Viele der in diesen Milchregionen ansässigen Betriebsleiter lernten frühzeitig, mit immer größeren Kuhzahlen umzugehen und erfuhren, wie bequem sich die Melkarbeit in den Melkständen mit Vor- und Nachwartehof verrichten lässt. Ähnliches galt auch für die Fütterung von Mais- und Grassilage, sofern Radlader und Futtermischwagen eingesetzt wurden. Vor allem die wachstumsorientierten Betriebsleiter arrangierten sich in den 90ern relativ schnell mit den zunächst teuren Milchquoten, viele kauften im Laufe der Jahre immer wieder („viel zu teure“) Quote zu. Sie spürten, dass trotz der eigentlich „unnützen“ Ausgaben für die Milchquote, „die Festkosten inkl. Quotenkosten stark sinken“, wenn sie auf mehr Milch umgelegt werden konnten. Nach der Wiedervereinigung gewöhnte man sich an immer größere Kuhzahlen. Bis etwa 2005 waren die Baugenehmigungen und Umweltprobleme in aller Regel noch unproblematisch, sodass besonders „auf den grünen Wiesen“ in Schleswig-Holstein, Niedersachsen und in Nordrhein-Westfalen etliche großzügig dimensionierte, komfortable Kuhställe aus dem Boden schossen.

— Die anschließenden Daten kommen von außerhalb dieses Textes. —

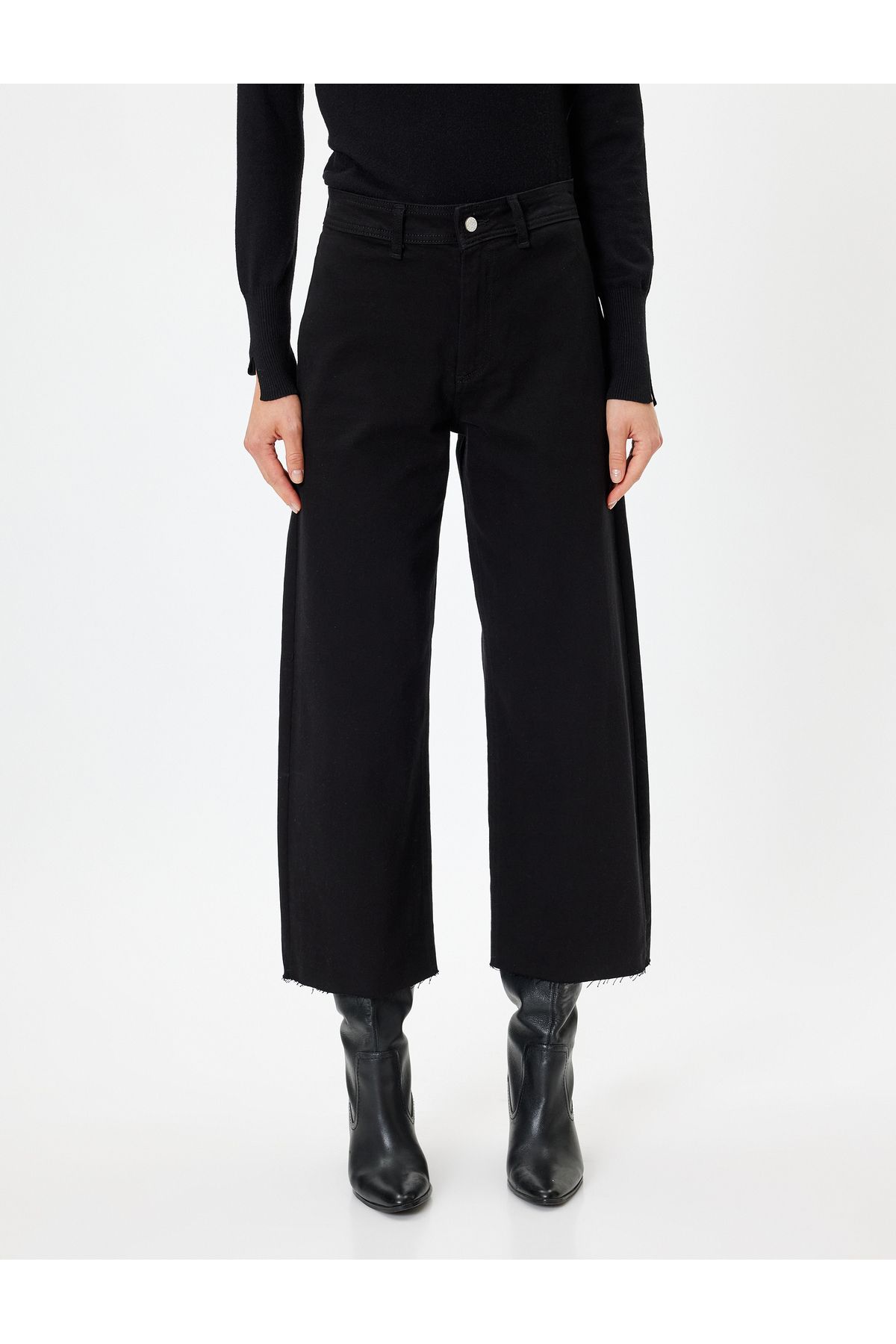 Standart Bel Geniş Paça Düğmeli Culotte Jeans Standart Bel Geniş Paça Düğmeli Culotte Jeans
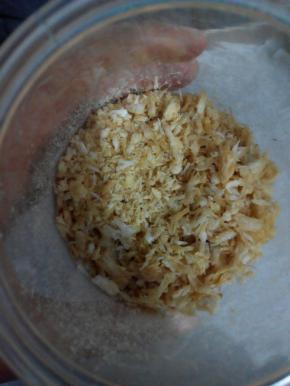 这次烤的肉松有点干，放在粥里煮给宝宝吃吧～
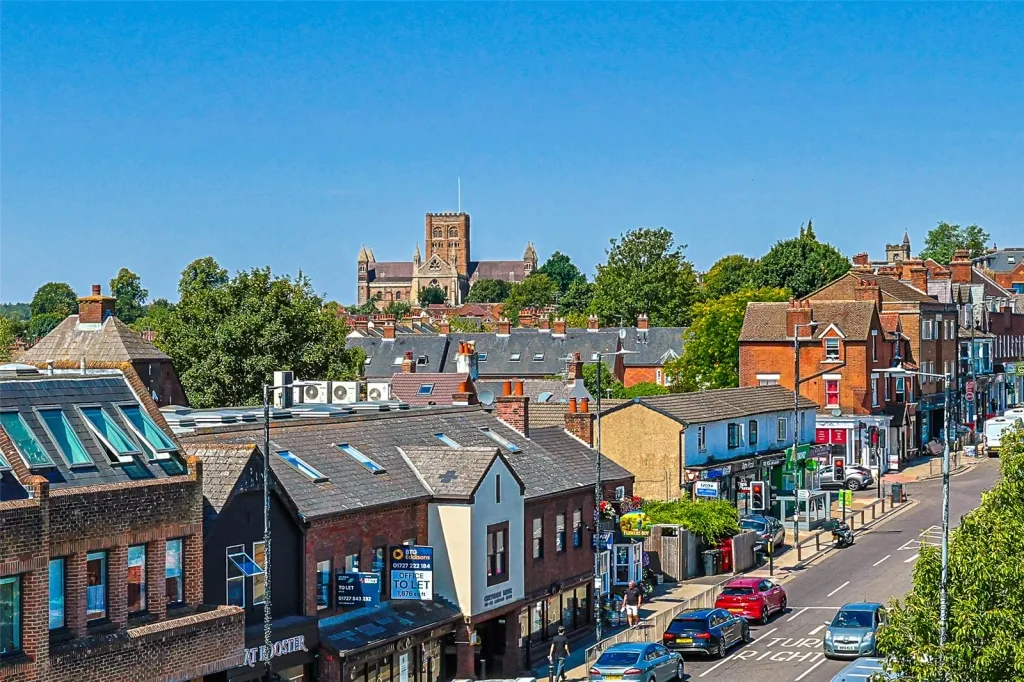 London Road, St. Albans, AL1, photo 10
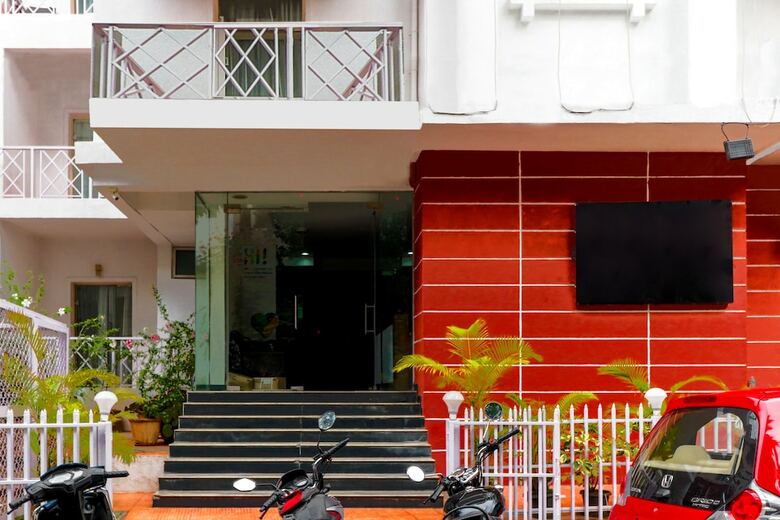 Hotel Capital O 46356 White Mg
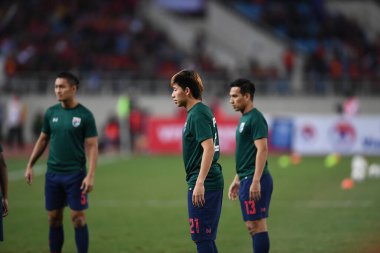 Hanoi-Vietnam-19 Kasım 2019: Siwakorn tiatrakul Tayland futbolcusu Fifa Dünya Kupası Katarı 2022 'de Vietnam' a karşı benim dinh stadyumumda, Vietnam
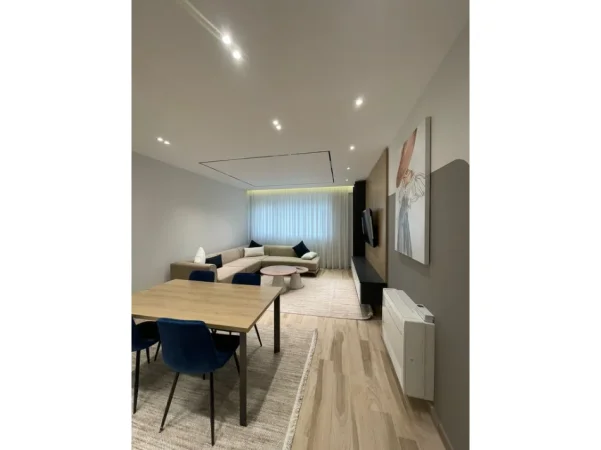 Tirane, jepet me qera apartament 2+1 Kati 3, 103 m² 1.100 € (Liqeni I Thate)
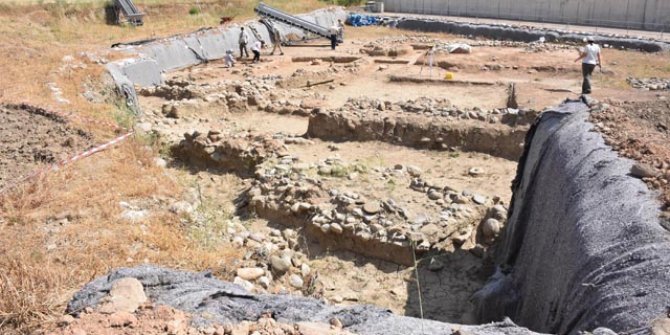 Antik yerleşimde yılın ilk kazılarında 8 bin 500 yıllık buluntu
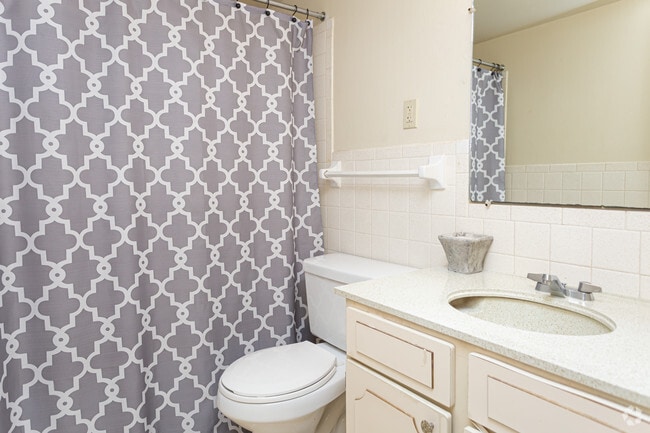 1 BR, 1 BA - 725 SF - Savoy Plaza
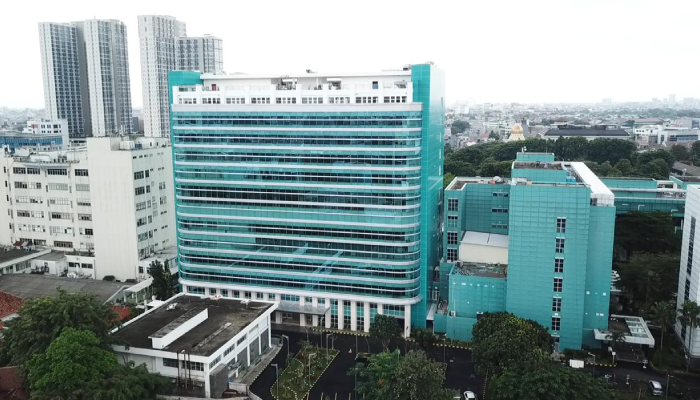 Gedung Kanigara dibangun di RSUP Nasional RSCM sebagai pusat unggulan nasional untuk layanan transplantasi organ dan jaringan, terutama ginjal, hati, dan kulit.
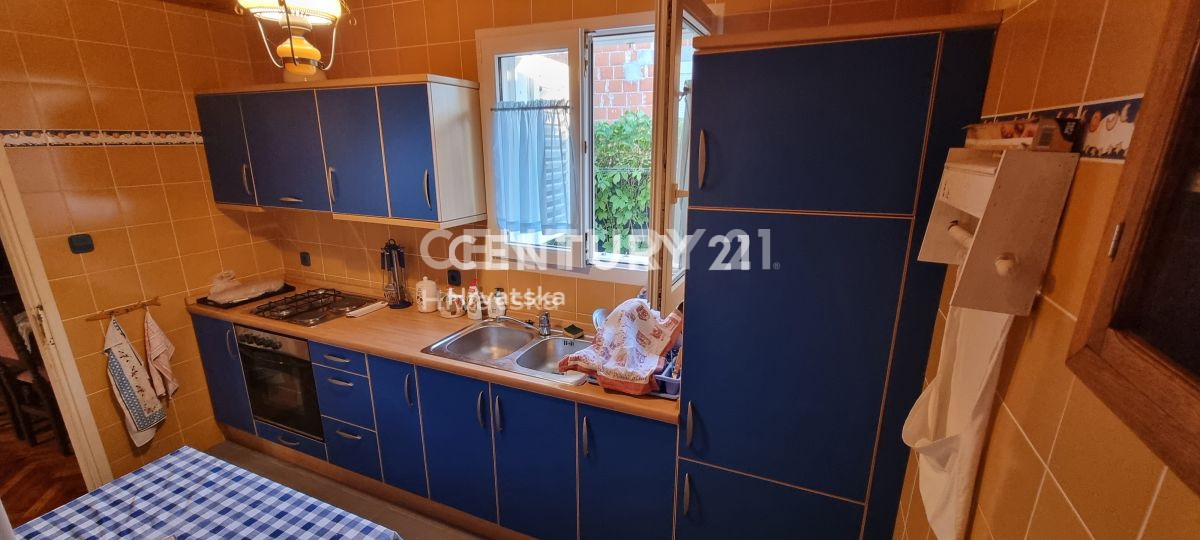 Pašman, Kraj, casa con vista mare e sui campanili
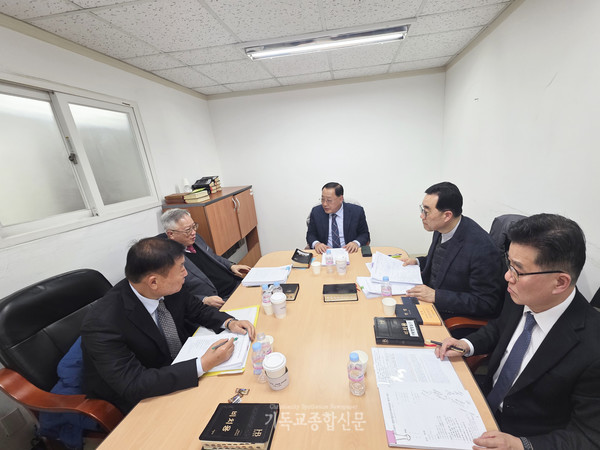 합동타임즈조사처리위원회 회의가 진행되고 있다.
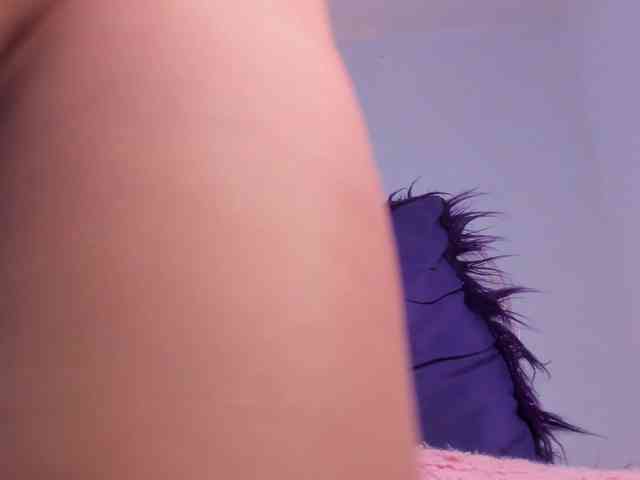 Mia_Moralez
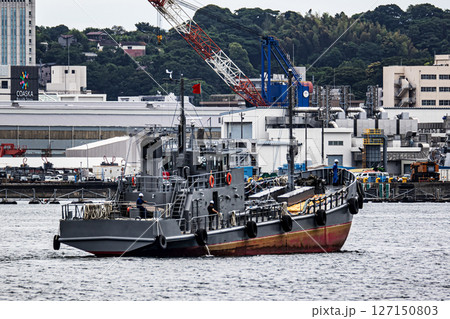神奈川県横須賀市長浦港の海軍基地湾内を航行する海上自衛隊の油船 神奈川県横須賀市長浦港の海軍基地湾内を航行する海上自衛隊の油船 127150803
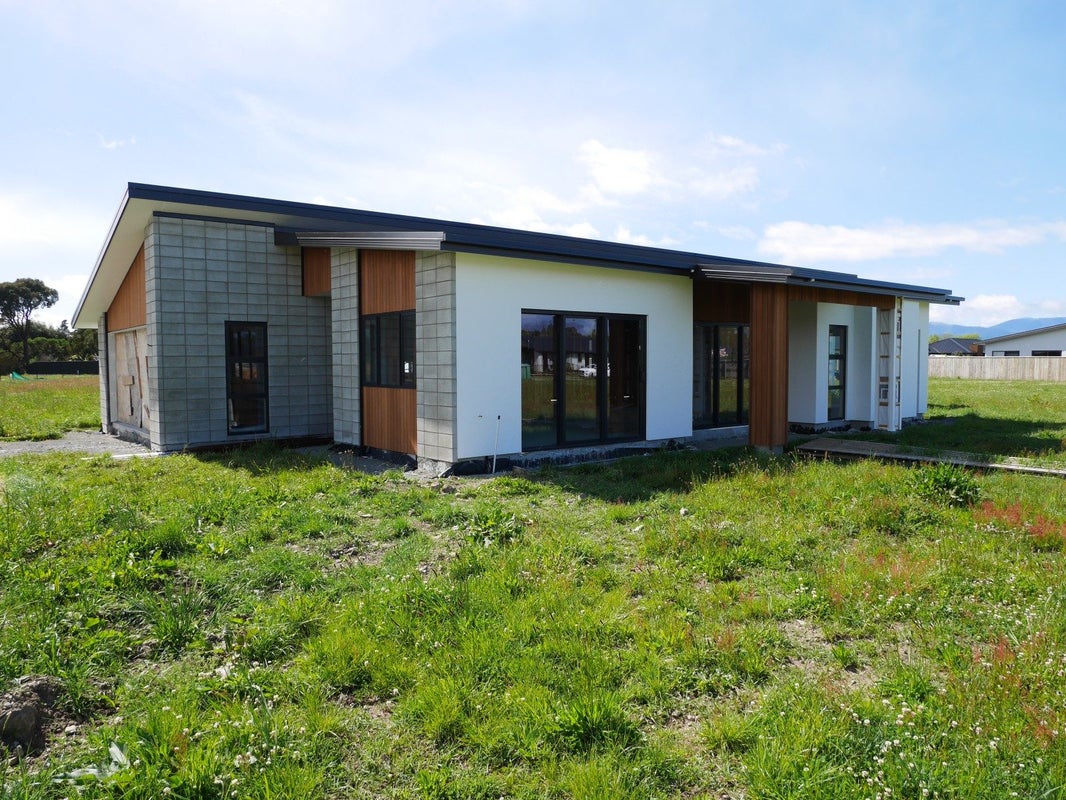 26 Wakanini Place, Mapua - Carousel 1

13 Prozent melken mehr als 100 Kühe
Die letzte Bestandserhebung vom November 2014 zeigt, dass von den insgesamt knapp 76.469 Milchviehbetrieben inzwischen 13 Prozent (insgesamt knapp 10.000 Betriebe) mehr als 100 Kühe melken. Allerdings produzieren diese Betriebe mehr als 50 Prozent der deutschen Milch. Auch die Zahl der Großbetriebe (mit mehr als 500 Kühen) steigt laufend an. Derzeit gibt es in ganz Deutschland 478 Milchkuhbetriebe mit mehr als 500 Kühen – das sind zwar nur 0,6 Prozent aller Betriebe, allerdings erzeugen diese wenigen Betriebe mehr als zehn Prozent der deutschen Milch. Unternehmen dieser Größenordnung wirtschaften inzwischen nicht mehr nur in Ostdeutschland, sondern mittlerweile auch in vielen westdeutschen Regionen und vereinzelt in Süddeutschland.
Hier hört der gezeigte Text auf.